Changes in metabolism
Muscles are storing more glycogen: When training for endurance sports, you can increase your muscle tissue capacity to store more glycogen. “The average glycogen storage capabilities for muscles of non-trained individuals is about 80 – 90 mmoles/kg… Glycogen molecules hold a substantial amount of water, 1 gram of glycogen has 2.7 grams of water with it. So, if you are consuming more carbohydrates, your body is going to contain more water… This additional water is not the same thing as water retention where excess water is held between cells; the water attached to a glycogen molecule is inside the cells, which makes it healthy. Nevertheless, it can increase your body weight by as much as 3 – 5 pounds. ” – Ace Fit Healthy Living
Once you deplete your glycogen stores of energy you will ‘hit the wall’ Energy from fat stores can fuel you for hours! You cannot run solely on energy from fat stores though. So even as your body adapts to use different sources of energy during endurance training, you will always be using your glycogen stores. The Effects of Running on Muscle Glycogen Levels explains more about glycogen storage in the muscles. So two processes are taking place 1) increasing glycogen storage capacity in the muscles, and training your body to better utilize fat storages for energy instead of only your glycogen, which is used primarily in high intensity workout. If you are training at too high intensity this is not helping your metabolism adapt to these necessary changes.

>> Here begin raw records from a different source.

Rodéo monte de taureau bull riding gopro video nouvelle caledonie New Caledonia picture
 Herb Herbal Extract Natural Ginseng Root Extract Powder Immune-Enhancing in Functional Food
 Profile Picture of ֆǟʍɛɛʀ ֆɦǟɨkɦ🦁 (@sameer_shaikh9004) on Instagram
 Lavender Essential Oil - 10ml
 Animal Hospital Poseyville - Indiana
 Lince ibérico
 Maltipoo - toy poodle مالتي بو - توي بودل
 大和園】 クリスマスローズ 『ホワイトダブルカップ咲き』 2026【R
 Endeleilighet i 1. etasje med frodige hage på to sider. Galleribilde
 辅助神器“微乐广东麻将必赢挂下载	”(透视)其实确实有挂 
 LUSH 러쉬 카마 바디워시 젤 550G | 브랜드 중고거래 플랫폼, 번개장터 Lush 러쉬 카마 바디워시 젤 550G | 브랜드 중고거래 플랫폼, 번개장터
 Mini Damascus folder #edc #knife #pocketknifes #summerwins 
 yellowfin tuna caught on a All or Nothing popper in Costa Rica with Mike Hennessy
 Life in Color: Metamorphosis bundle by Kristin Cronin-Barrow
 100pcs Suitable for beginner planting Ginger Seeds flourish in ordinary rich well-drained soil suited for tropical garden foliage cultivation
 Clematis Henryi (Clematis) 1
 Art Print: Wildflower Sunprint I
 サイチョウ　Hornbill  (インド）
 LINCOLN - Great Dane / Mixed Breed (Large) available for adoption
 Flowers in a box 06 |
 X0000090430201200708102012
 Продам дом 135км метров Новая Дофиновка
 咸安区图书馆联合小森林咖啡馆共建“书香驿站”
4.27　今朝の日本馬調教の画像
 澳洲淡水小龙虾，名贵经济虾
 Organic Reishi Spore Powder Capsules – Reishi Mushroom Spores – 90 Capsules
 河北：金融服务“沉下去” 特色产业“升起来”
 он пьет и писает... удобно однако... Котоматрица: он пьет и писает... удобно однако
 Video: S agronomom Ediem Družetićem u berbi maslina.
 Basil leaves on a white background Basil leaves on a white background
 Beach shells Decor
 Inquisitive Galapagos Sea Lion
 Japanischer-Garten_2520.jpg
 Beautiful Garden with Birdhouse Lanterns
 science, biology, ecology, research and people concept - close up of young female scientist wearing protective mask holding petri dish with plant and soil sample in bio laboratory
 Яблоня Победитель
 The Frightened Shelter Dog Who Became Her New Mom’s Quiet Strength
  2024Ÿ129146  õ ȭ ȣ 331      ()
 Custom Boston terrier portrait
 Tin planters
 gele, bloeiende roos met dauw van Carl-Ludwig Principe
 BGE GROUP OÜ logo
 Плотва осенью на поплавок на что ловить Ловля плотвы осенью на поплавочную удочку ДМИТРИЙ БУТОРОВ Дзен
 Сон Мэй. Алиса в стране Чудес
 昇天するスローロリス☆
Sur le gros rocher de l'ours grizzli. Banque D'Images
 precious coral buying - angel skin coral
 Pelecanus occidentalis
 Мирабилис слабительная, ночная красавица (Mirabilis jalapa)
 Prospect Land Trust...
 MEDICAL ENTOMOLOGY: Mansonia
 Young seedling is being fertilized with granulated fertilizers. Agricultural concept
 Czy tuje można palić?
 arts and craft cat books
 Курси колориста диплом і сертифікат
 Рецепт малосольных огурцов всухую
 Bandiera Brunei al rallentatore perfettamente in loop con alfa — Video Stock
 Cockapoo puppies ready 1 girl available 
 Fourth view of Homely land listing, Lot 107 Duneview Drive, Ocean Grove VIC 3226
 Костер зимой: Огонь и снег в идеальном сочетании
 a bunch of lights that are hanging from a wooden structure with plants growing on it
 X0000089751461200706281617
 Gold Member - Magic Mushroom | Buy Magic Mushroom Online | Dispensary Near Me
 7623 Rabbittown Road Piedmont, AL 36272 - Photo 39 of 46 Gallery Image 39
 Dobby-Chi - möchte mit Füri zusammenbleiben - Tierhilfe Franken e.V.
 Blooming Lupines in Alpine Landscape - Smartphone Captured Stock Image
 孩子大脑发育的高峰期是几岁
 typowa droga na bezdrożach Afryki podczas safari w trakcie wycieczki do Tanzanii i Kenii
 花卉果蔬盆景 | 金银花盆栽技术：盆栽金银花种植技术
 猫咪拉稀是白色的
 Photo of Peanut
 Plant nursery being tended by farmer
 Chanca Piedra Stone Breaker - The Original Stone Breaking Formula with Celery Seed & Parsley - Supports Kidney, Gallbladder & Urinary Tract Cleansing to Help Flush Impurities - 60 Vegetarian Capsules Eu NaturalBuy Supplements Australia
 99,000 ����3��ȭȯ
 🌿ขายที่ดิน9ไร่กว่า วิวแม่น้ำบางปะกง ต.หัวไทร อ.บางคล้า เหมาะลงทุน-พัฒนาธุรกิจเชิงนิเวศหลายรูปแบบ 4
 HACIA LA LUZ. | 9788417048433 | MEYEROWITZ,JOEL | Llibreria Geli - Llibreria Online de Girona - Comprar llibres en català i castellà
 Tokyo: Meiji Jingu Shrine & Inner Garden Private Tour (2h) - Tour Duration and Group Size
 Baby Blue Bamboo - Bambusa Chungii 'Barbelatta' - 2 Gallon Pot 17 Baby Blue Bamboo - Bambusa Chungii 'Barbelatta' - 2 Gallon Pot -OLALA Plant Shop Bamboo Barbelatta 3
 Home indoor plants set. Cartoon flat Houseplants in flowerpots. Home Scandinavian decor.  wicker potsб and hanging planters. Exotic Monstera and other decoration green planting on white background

Here is a good science-y article explaining “Human Kinetics: the Body’s Fuel Sources” The first article referenced above also discusses this.
Science of Glycogen Depletion
Realizing how much an effect improper nutrition was having on me and my training and negatively affecting my workouts and my body was a wake up call. I only have two weeks left, so it’s a little too late to make any significant progress in my metabolism and my training, but I can still really focus and finish out my training with proper nutrition and then be better equipped for next time. For me the biggest issues was not eating enough pre and post workout. This gave me uncontrollable food cravings. In addition to then eating poorly, it also wasn’t helping me recover as fast as I should after a workout. Grrr.